Other than perhaps Fermi's hobbled start, the impression with the VLIW GPUs was that AMD FLOPs weren't as meaningful for graphics as Nvidia FLOPs, and that's mostly held true for GCN.
EDIT: Also this would allow a "64 CU" chip to have 2x as many flops/clock as today's Vega 10 without having to scale the rest of the architecture (for better or worse). It feels like 8192 ALUs with 256-bit GDDR6 and better memory compression could be a very impressive mainstream GPU.
The exemplar image in the patent at least doesn't draw sufficient paths in the operand delivery from the register file, with just 4 reads overall for the ALUs and vector IO. If this is combined with the bandwidth from the destination operand cache, the ALU section sees a possible peak of 6 operands sufficient for 2 FMAs.

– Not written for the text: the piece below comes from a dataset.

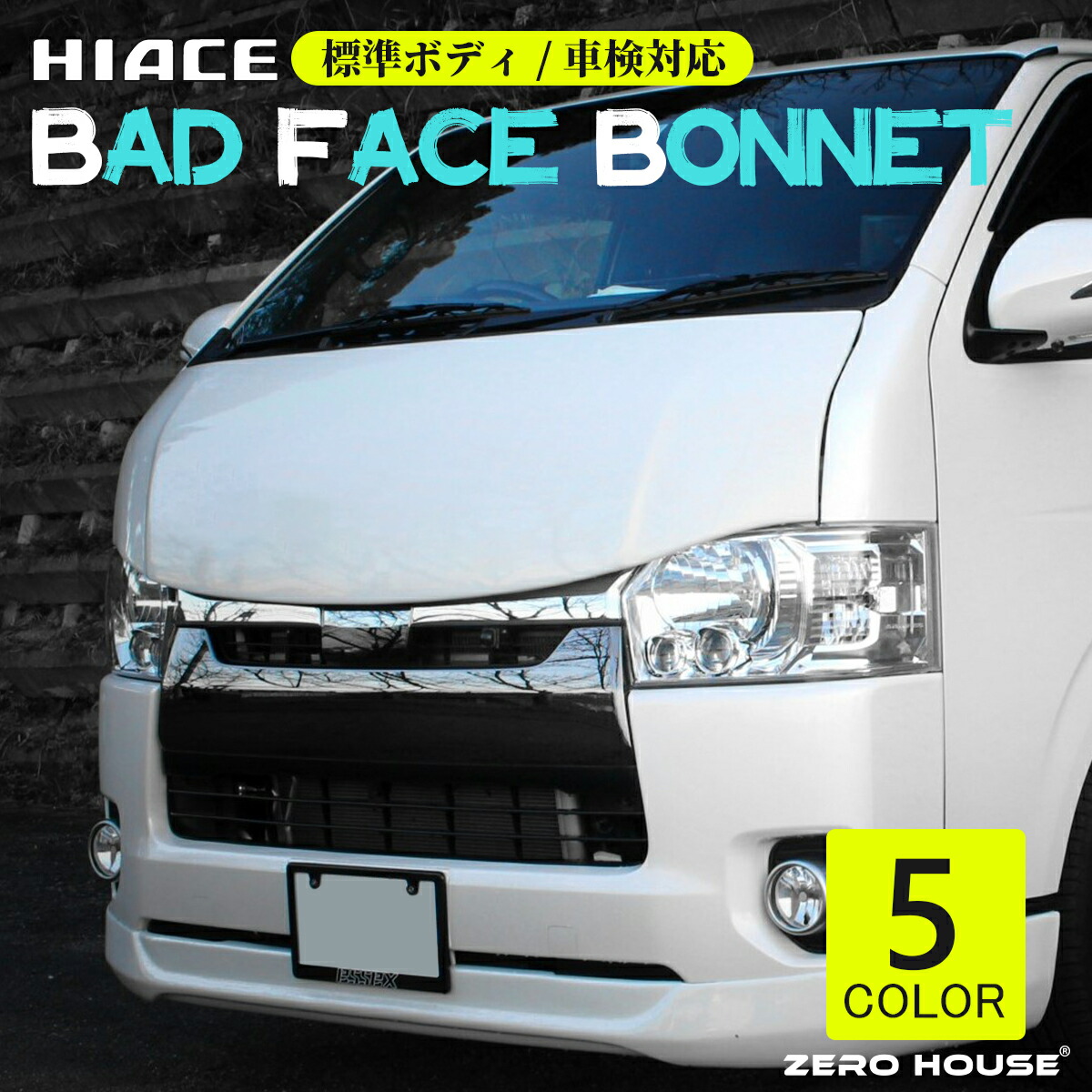 楽天市場】ハイエース200系 4-8型バッドフェイスアイライン 純正色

It doesn't seem unreasonable to consider this close enough to 2x peak, given that many CPUs have needed the bypass network to compensate for a register file with too few ports for all the ALUs, and Nvidia's operand reuse cache does compensate for cases where its vector register bandwidth cannot be fully used.
One wrinkle to this going from the patent is that the operand cache interjects itself in the way of the forwarding network to the vector IO bus, potentially requiring some extra tracking or wait states since the cache does not feed into the bus used by the ALU and IO sections. It's a local ALU bus or write to the register file, so an export or memory read dependent on an operand in the cache may force an immediate writeback or require some additional checks of the mapped register list. There are some existing short wait states for some register hazards like this already, though this cache may make for longer explicit delays without pipeline interlocking.

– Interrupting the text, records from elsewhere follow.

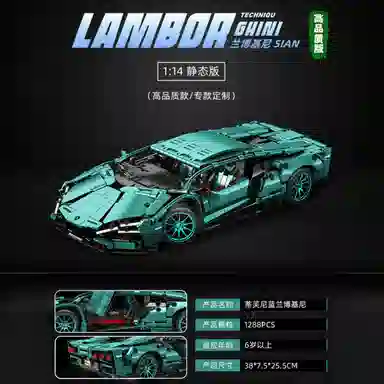 114 1288pcs OLY-WJJcM-1325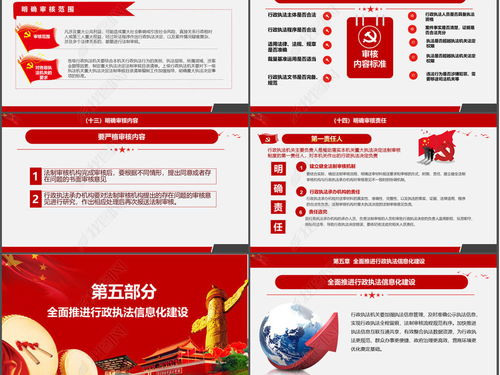 正版资料免费资料大全下载|专家意见解释落实_应用款.3.179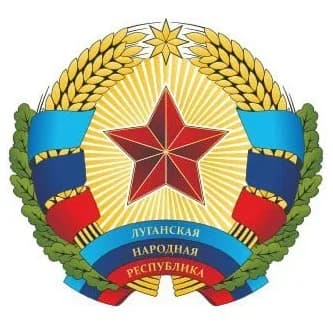 
МИНЭКОНОМ ЛНР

Everything's a trade-off and clearly AMD went strongly in the direction of doing more on the general-function FMA units compared to their VLIW4/VLIW5 architectures and compared to NVIDIA. It's not obvious to me whether that has actually paid off for them...

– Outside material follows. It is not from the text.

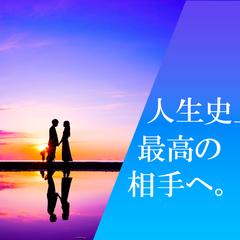 （出会い）最高の相手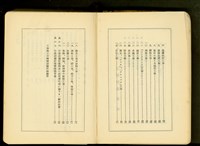 第十六章工事計畫目次-2.3藏品圖，第1張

If I recall correctly, VLIW4 is where the T-unit was broken up and the special-function elements distributed among the remaining four ALUs. An operation would cascade from one lane to the next over four cycles, with successive approximations or lookups occurring each time. GCN's lane orientation flipped things by 90 degrees, but it's possible that what it's doing for special instructions is from that lineage. The quad-based arrangement and 4-way crossbar available between the 4 ALUs in a quad for some instructions may fit with GCN acting like VLIW4. Otherwise, every lane would need the full complement of lookup tables and miscellaneous hardware, incurring an area cost while not realizing potentially significantly higher throughput if a full transcendental unit were in every lane.
Like the patent's side ALUs, the VLIW5 T-unit didn't have a corresponding set of hookups into the operand network, requiring unused operand cycles or shared operands with neighboring ALU slots. Unlike the T-unit, the side ALUs lack a multiplier and so cannot on their own perform complex operations. They're less generalist than the units that preceded them. Instead, it seems like the patent has two core ALUs with FMA capability, and then in some more complex scenario the side ALU can pair with one of them to perform instructions that require a full ALU.